Data:
★ ★ ★ ★ ★ ★ ★
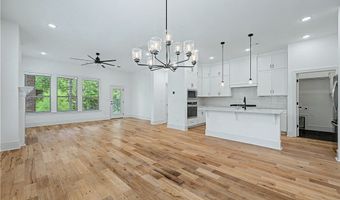 5102 SW Stanford Ct, Bentonville, AR 72713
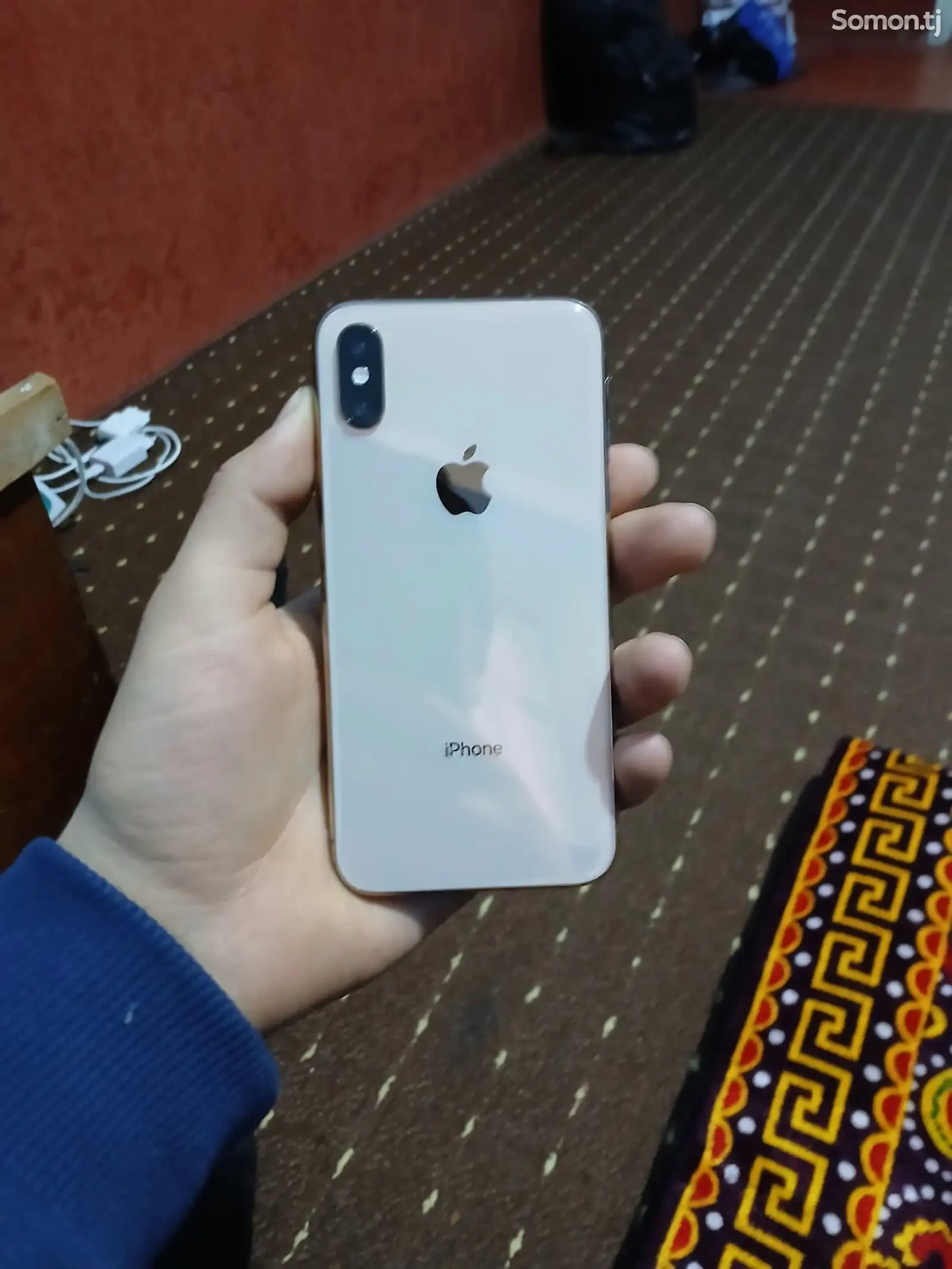 Apple iPhone Xs-1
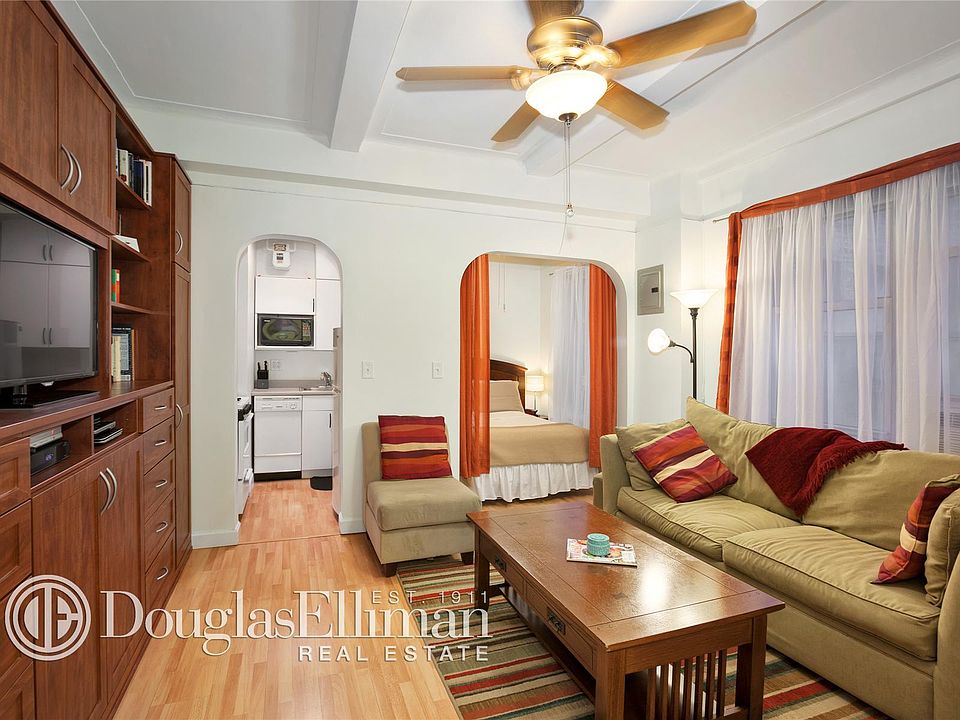 1st image of 25 W 64th St APT 6C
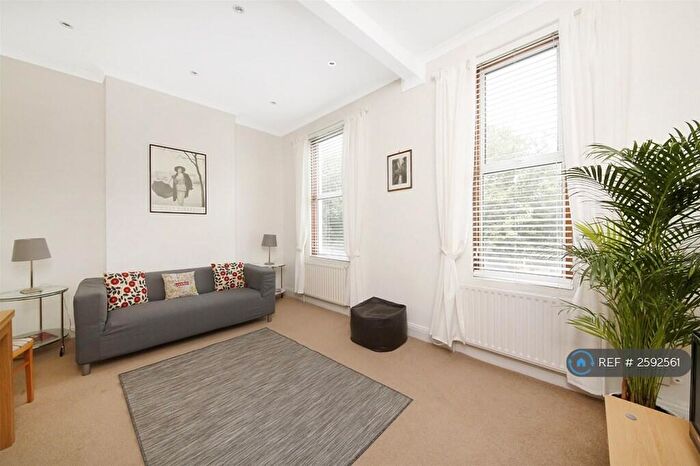 2 Bedroom Flat To Rent In Rosendale Road, London, SE21
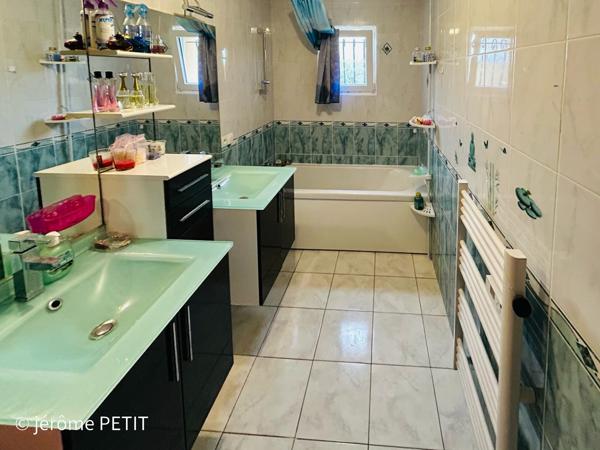 proche de chateaubriant , maison de plain-pied de 100 m2, sur un terrain de 3000m2, 3 chambres , et une dépend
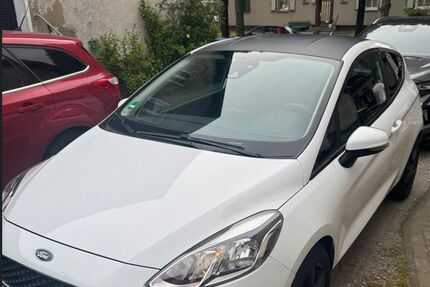 Ford Fiesta 62.350 km 6.950 &euro; Moers 47443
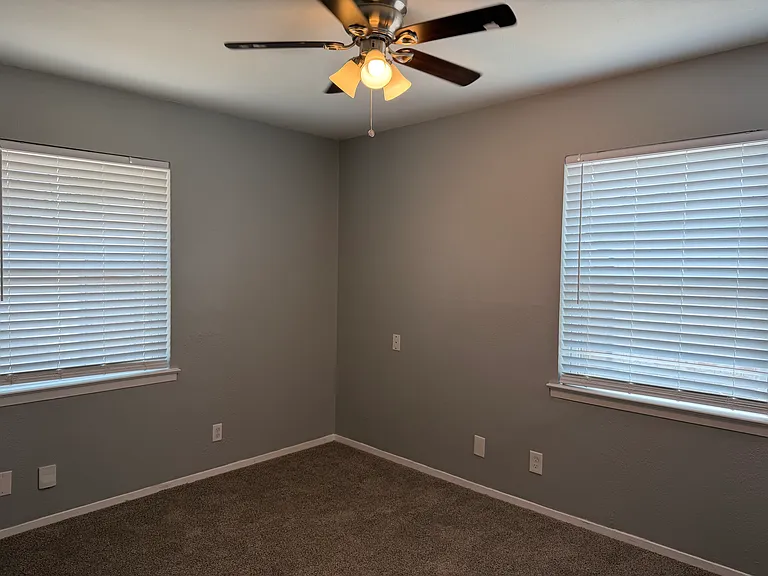 2511 Normont Cir — Photo 6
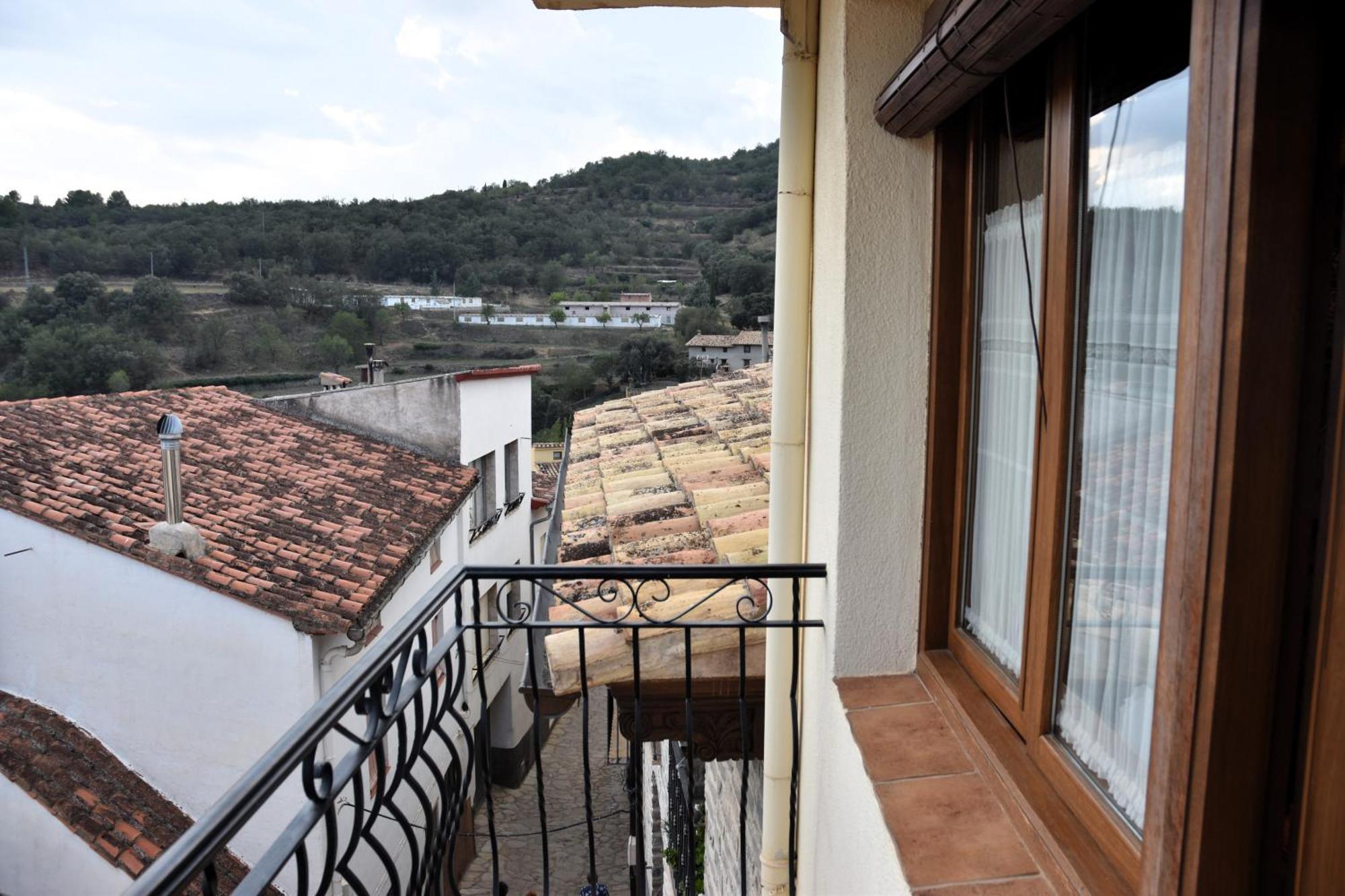Casa Rural Nuri De Rei A Y B Todolella Exterior photo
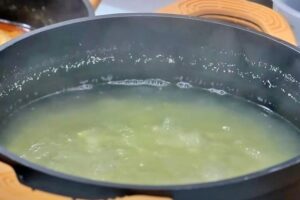 Alubias pochas con estofado de codorniz paso 1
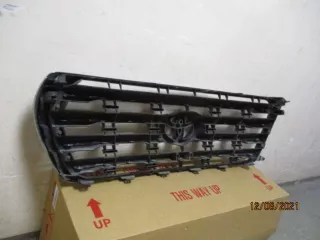 5310160480 Решетка радиатора Toyota Land Cruiser 200 Арт bY132000223, вид 9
★ ★ ★ ★ ★ ★ ★
Task instructions: Retype the full listing above precisely. Exclude each picture you find in it.

Expected answer:
 5102 SW Stanford Ct, Bentonville, AR 72713
 Apple iPhone Xs-1
 1st image of 25 W 64th St APT 6C
 2 Bedroom Flat To Rent In Rosendale Road, London, SE21
 proche de chateaubriant , maison de plain-pied de 100 m2, sur un terrain de 3000m2, 3 chambres , et une dépend
 Ford Fiesta 62.350 km 6.950 &euro; Moers 47443
 2511 Normont Cir — Photo 6
Casa Rural Nuri De Rei A Y B Todolella Exterior photo
 Alubias pochas con estofado de codorniz paso 1
 5310160480 Решетка радиатора Toyota Land Cruiser 200 Арт bY132000223, вид 9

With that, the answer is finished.